EXERCISE INSTRUCTIONS - Begin at the line that contains "liječenje artroze koljena forum)" and repeat every line from there to the end of the records below, inclusive, without adding any other line.

EXTRACTED DATA -
[Start of Attachment]
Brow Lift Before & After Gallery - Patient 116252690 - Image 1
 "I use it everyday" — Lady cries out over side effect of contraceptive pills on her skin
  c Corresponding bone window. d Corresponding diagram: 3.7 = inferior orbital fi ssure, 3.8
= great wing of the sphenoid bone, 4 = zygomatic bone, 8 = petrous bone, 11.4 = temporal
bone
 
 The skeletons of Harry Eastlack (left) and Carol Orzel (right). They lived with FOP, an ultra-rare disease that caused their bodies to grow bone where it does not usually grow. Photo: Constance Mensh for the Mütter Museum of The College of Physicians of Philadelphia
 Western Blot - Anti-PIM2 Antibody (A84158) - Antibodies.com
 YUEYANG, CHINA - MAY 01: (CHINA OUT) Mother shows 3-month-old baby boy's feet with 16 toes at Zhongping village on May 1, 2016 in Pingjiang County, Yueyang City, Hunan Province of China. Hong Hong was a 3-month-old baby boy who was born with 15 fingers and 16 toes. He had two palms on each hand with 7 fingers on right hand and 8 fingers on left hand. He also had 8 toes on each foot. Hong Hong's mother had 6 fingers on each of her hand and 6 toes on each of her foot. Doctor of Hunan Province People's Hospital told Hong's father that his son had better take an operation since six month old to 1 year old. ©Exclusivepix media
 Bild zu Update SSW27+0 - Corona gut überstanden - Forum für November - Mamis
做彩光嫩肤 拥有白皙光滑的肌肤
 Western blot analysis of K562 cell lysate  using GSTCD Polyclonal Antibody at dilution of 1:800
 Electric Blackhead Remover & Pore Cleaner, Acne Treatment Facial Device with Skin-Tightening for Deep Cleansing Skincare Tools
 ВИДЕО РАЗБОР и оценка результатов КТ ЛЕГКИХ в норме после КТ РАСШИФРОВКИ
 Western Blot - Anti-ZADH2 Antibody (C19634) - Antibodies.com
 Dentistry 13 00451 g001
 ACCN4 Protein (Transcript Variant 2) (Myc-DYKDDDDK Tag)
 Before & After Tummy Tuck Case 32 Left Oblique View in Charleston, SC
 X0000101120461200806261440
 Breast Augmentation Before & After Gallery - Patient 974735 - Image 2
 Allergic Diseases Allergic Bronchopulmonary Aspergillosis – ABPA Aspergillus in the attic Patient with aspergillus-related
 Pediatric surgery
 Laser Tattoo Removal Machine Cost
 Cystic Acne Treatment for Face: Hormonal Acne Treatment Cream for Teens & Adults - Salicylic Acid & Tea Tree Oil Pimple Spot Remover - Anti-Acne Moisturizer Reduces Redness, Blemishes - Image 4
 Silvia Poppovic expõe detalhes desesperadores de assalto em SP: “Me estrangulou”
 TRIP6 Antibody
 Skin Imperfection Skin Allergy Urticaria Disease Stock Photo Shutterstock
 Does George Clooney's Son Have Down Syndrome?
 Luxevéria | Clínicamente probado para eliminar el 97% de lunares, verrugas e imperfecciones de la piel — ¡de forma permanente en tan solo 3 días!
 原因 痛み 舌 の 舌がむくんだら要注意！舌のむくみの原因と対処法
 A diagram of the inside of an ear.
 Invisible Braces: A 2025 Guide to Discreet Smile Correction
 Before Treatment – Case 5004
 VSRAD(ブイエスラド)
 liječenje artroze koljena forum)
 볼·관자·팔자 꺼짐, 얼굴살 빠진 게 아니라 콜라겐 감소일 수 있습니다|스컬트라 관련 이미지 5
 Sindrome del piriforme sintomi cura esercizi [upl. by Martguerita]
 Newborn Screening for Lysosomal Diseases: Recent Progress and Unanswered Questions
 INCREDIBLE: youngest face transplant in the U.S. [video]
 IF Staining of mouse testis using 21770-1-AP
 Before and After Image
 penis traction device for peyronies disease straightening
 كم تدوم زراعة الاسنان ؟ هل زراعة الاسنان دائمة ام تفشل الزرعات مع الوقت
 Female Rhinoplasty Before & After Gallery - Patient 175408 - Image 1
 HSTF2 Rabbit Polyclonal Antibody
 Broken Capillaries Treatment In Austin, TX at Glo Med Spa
[End of Attachment]
ANSWER AREA -
 liječenje artroze koljena forum)
 볼·관자·팔자 꺼짐, 얼굴살 빠진 게 아니라 콜라겐 감소일 수 있습니다|스컬트라 관련 이미지 5
 Sindrome del piriforme sintomi cura esercizi [upl. by Martguerita]
 Newborn Screening for Lysosomal Diseases: Recent Progress and Unanswered Questions
 INCREDIBLE: youngest face transplant in the U.S. [video]
 IF Staining of mouse testis using 21770-1-AP
 Before and After Image
 penis traction device for peyronies disease straightening
 كم تدوم زراعة الاسنان ؟ هل زراعة الاسنان دائمة ام تفشل الزرعات مع الوقت
 Female Rhinoplasty Before & After Gallery - Patient 175408 - Image 1
 HSTF2 Rabbit Polyclonal Antibody
 Broken Capillaries Treatment In Austin, TX at Glo Med Spa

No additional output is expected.